The grand jury was investigating wealthy banana mogul Thomas Hoey Jr. in the 2009 death of Kimberly Calo, who overdosed on cocaine inside Hoey’s $700-a-night suite inside The Kitano after he allegedly had sex with both her and Zobkiw.

Zobkiw told the feds that Hoey hired Balaban to represent her, and John Murphy — who was living with Zobkiw and her son in 2011 — testified yesterday that he was immediately suspicious of Balaban when he showed up at their home.

”The fact that he didn’t even have a business card….It was like a scene out of a movie more than a lawyer coming to help her out,” Murphy said.

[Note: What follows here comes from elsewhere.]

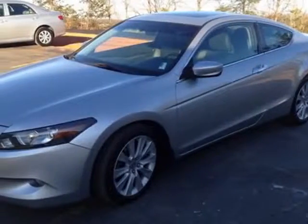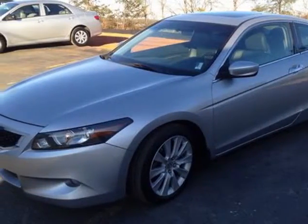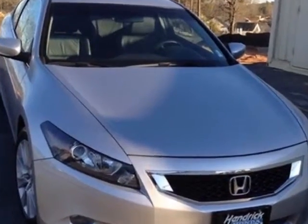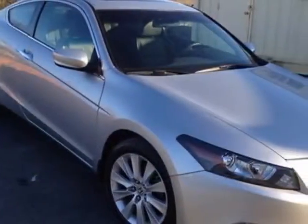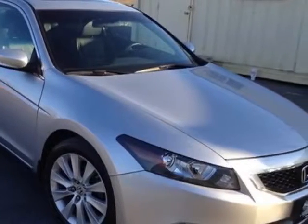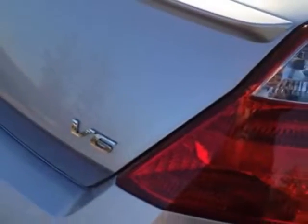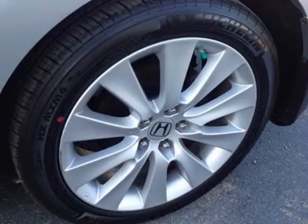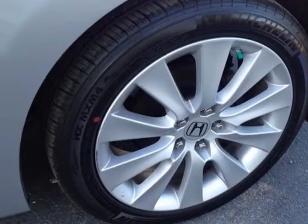Take a look at the certified pre-owned 2010 Honda Accord Coupe. Carfax has certified this Accord Coupe as having one owner. This Accord Coupe has just under 69,000 miles. It boasts a 3.5 liter engine and has a 5-speed automatic transmission.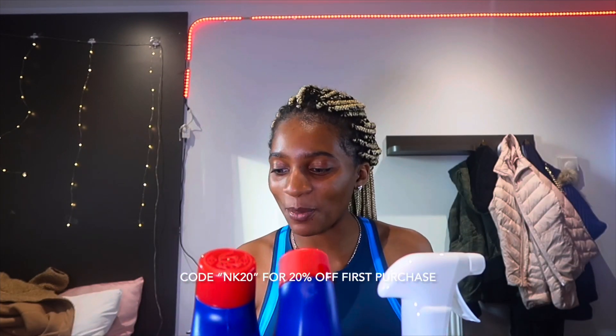That's everything I got from Cherry Z! I hope you guys enjoyed my little Cherry Z haul. Don't forget to use code NK20 down below for 20% off your first order on the app or website. Thank you guys for watching — don't forget to like, comment, share, subscribe, watch my other videos, and we'll say bye!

After Balaban returned the next day, Murphy said he used his cell phone to secretly record him and Zobkiw, then gave the recording to the feds following Zobkiw’s arrest last year.

DEA Agent Eric Baldus testified that Zobkiw told him that Balaban had “threatened and intimidated her” and that she was scared of Hoey, who she said “might know individuals in organized crime.”

Asked if he had arrested Hoey in connection with Calo’s death, Baldus answered: “Not yet, no.”

Baldus also noted that Balaban “speaks with a slur” and wasn’t drunk on the recording because “that’s just they way he sounds.”

Hoey’s lawyer, Joe Conway, said Hoey “categorically denies” any connection to either Balaban or the mob.

Balaban’s lawyer, David J. Goldstein, denied comment.